Among its advancements, ROCR’s Health Equity and Achievement in Radiation Therapy (HEART) initiative would give centers funds to support patients who face transportation barriers accessing and completing their radiation treatments. HEART is based on a model from a National Cancer Institute–funded study that reduced disparities and increased survival for a community in North Carolina. The bill has the following additional key features:

  • Aligns financial incentives with scientifically proven outcomes for episode-based payments
  • Supports shorter treatments for certain cancers, allowing patients more time to work and spend with loved ones
  • Reduces disparities that create barriers for patients from rural and underserved communities to access and complete treatments.
  • Implements a systematic approach to improve quality and protect patient safety through practice accreditation
  • Unifies payments across settings based on hospital technical payments
  • Saves Medicare approximately $200 million over 10 years

“Through ROCR, Congress can build a future where radiation oncology reimbursement is driven by patient needs, not by the number of treatments provided,” Jeff Michalski, MD, MBA, FASTRO, chair of the American Society for Radiation Oncology Board of Directors, said. “This bill represents a pivotal turn in how Medicare values radiation oncology care. By passing it, Congress would ensure that high quality treatment remains accessible for all patients, especially those in rural and underserved communities.”

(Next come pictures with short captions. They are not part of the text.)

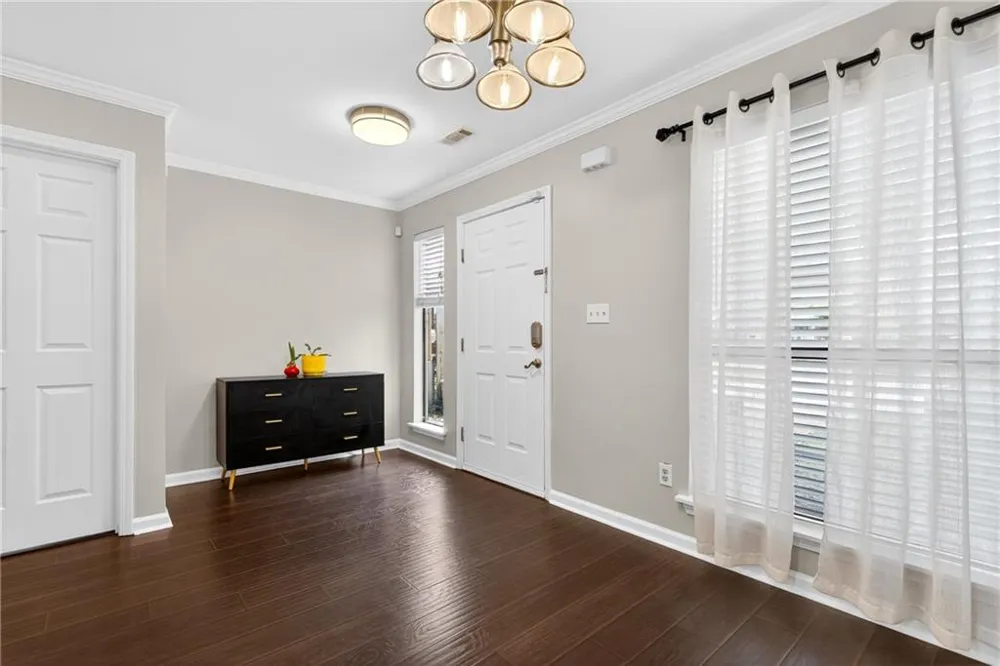 6393 Hawthorne Terrace Peachtree Corners, GA 30092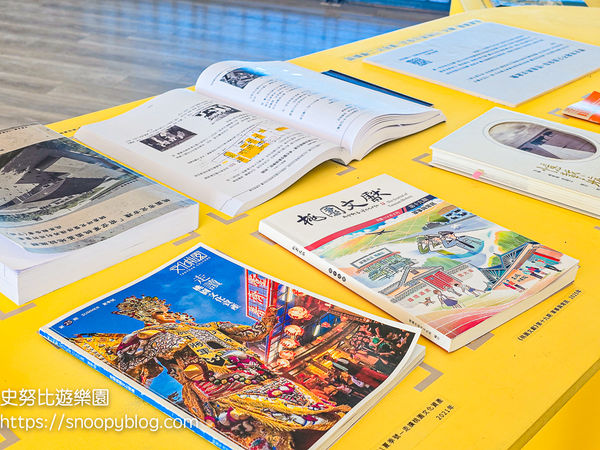 ▲▼航空城博物館園區05警戒區。（圖／部落客史努比遊樂園授權提供）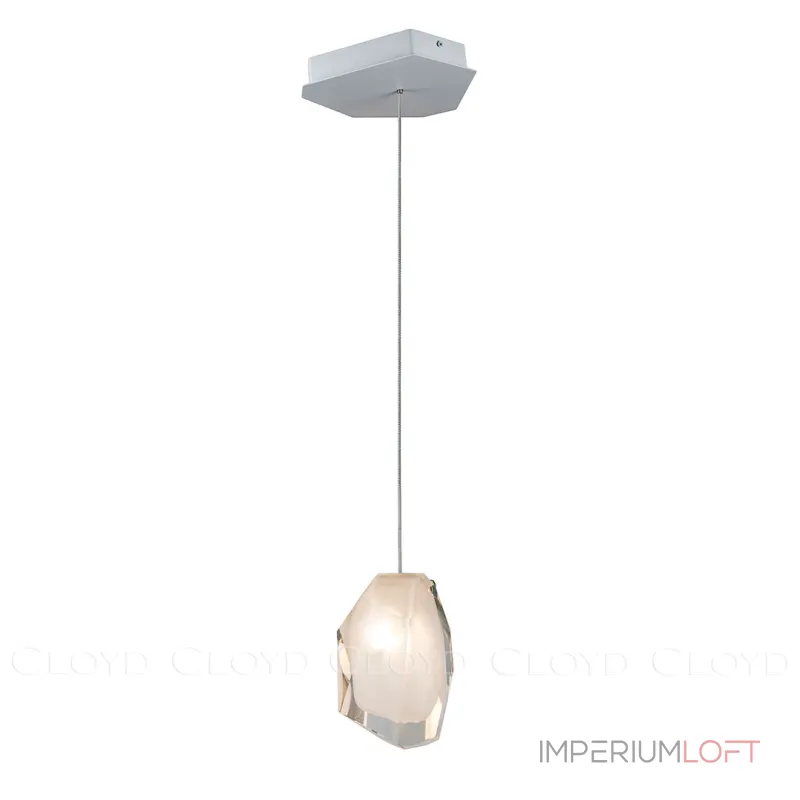 Подвесной светильник Cloyd VARELL P1 L20 11658 от ImperiumLoft Подвесной светильник Cloyd VARELL P1 L20 11658 от ImperiumLoft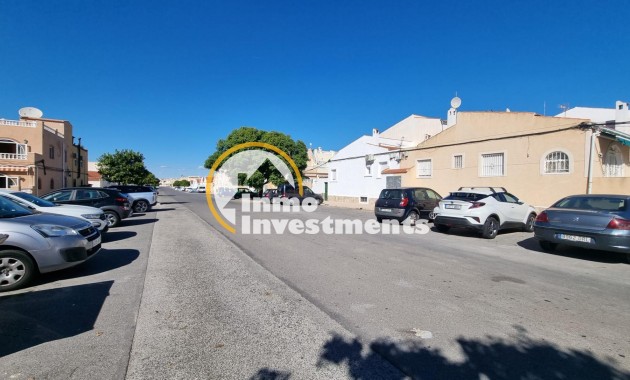 Resale - Bungalow - Torrevieja - El Chaparral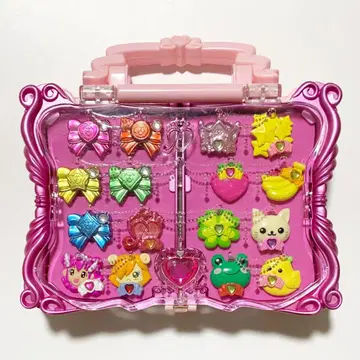 스마일 프리큐어 데코르데코르 큐어 데코르 세트 묶음 판매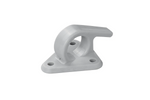 Gancho lateral de plástico ProPlus 342157V01 con ojal para asegurar lonas y correas de remolque.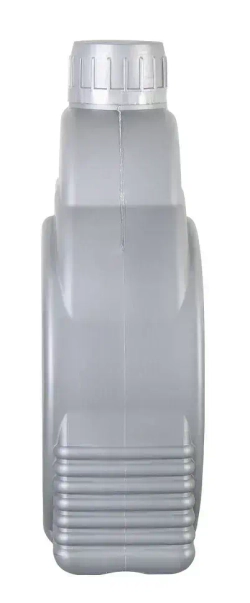 Масло цепное минеральное HUTER 80W90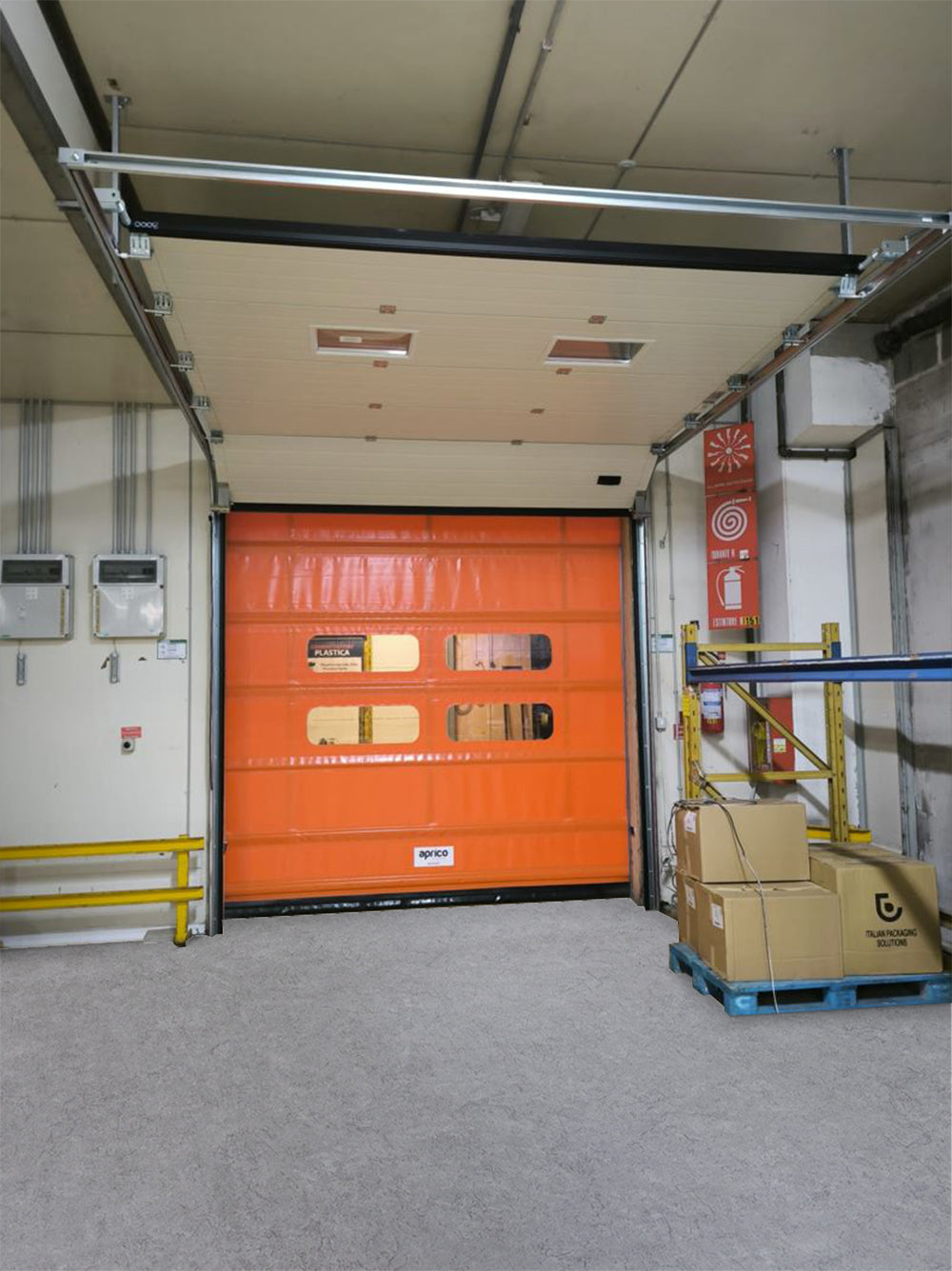 PAVIMENTO | MULTIUSO PVC MARMO VENATO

Whether for curative or palliative intent, radiation therapy is considered standard of care for more than 50% of patients with cancer. In its Access to Quality Cancer Care position statement, ONS maintains that “all persons will have access to equitable, comprehensive, affordable healthcare without discrimination, including populations who are at risk, vulnerable, underserved, or underrepresented.” Advocate for your patients’ access by contacting your lawmakers, sharing your patients’ stories, and asking them to support the bill.